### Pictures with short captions

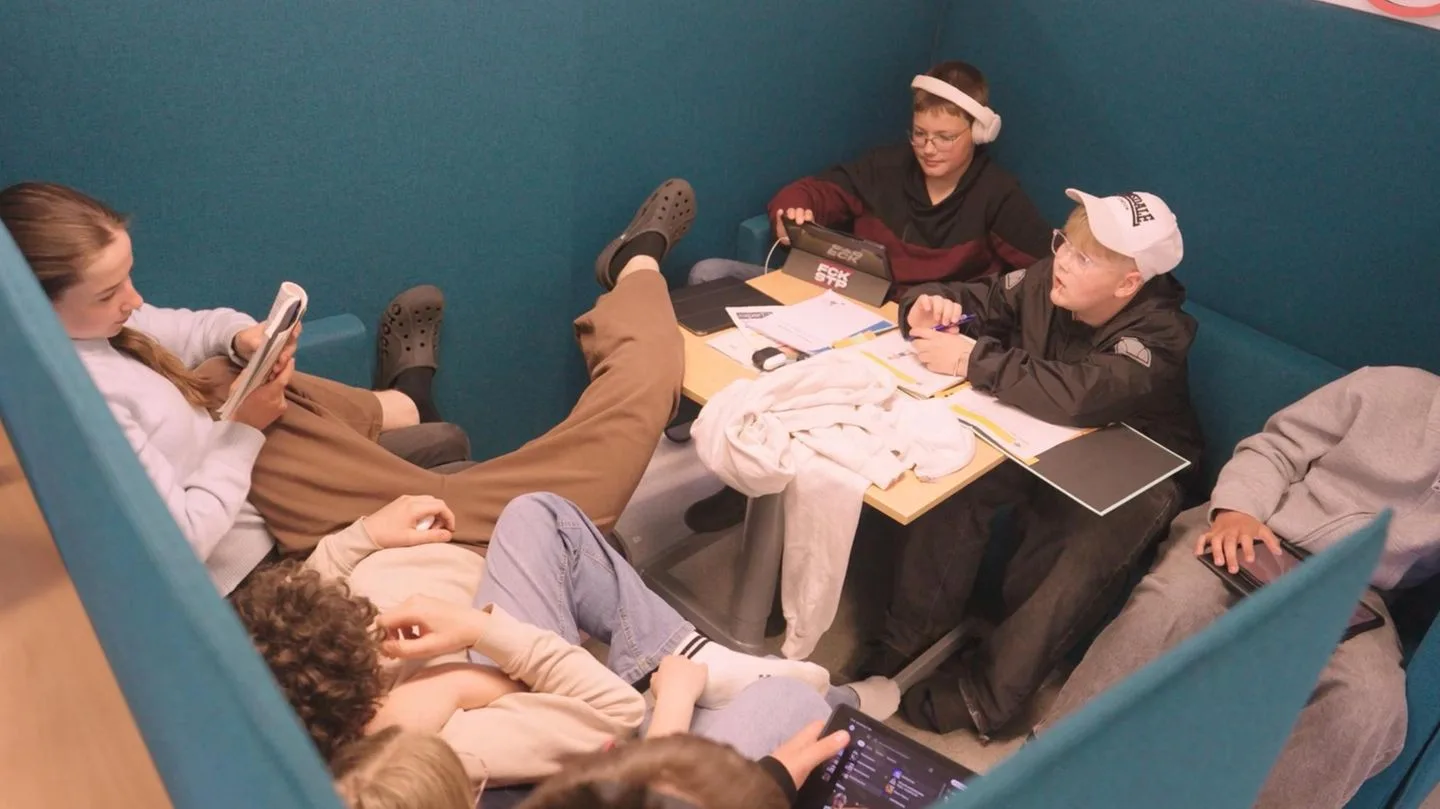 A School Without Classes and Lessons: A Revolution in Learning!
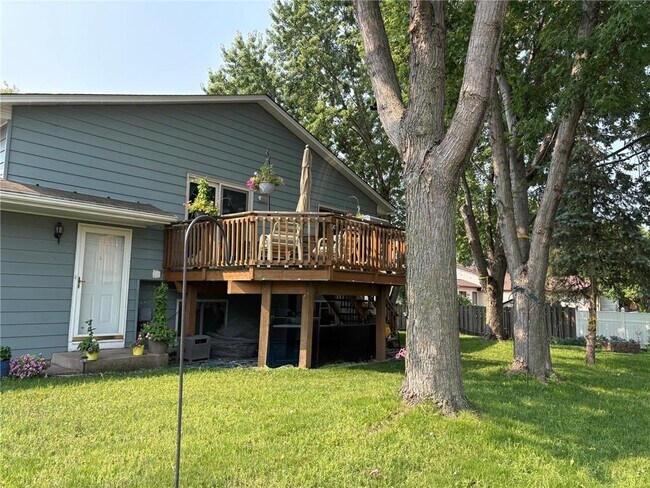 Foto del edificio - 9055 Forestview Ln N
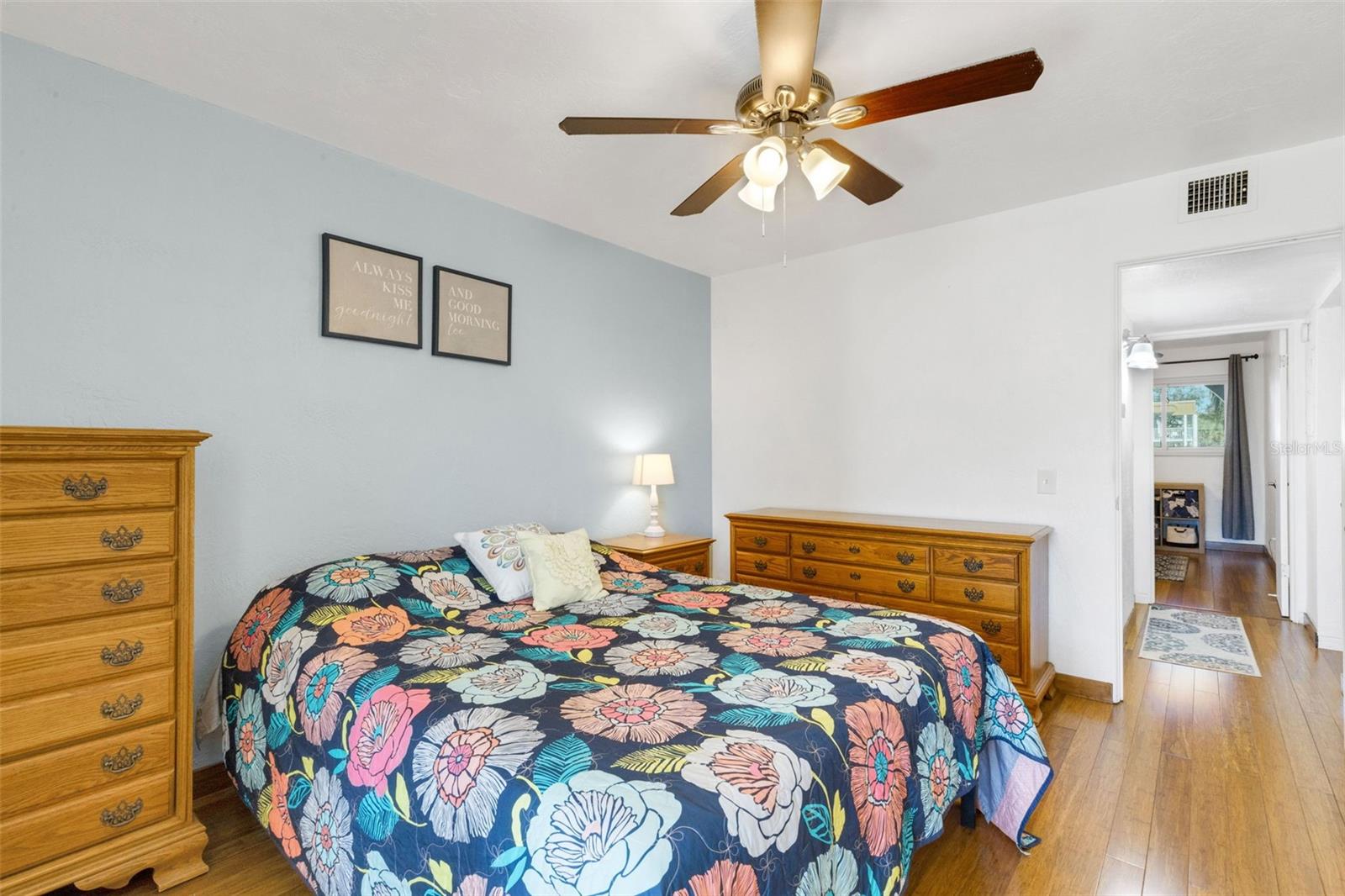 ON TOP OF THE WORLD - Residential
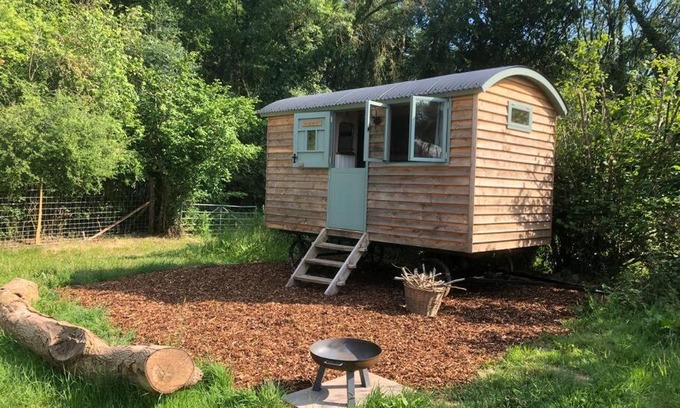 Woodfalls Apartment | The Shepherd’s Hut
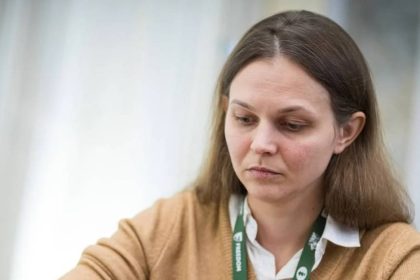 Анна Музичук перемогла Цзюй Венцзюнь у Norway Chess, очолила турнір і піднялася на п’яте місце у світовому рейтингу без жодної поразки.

### ACTIVITY
Exclude the pictures. Write out the remaining data exactly.

### WRITTEN SOLUTION
 A School Without Classes and Lessons: A Revolution in Learning!
 Foto del edificio - 9055 Forestview Ln N
 ON TOP OF THE WORLD - Residential
 Woodfalls Apartment | The Shepherd’s Hut
 Анна Музичук перемогла Цзюй Венцзюнь у Norway Chess, очолила турнір і піднялася на п’яте місце у світовому рейтингу без жодної поразки.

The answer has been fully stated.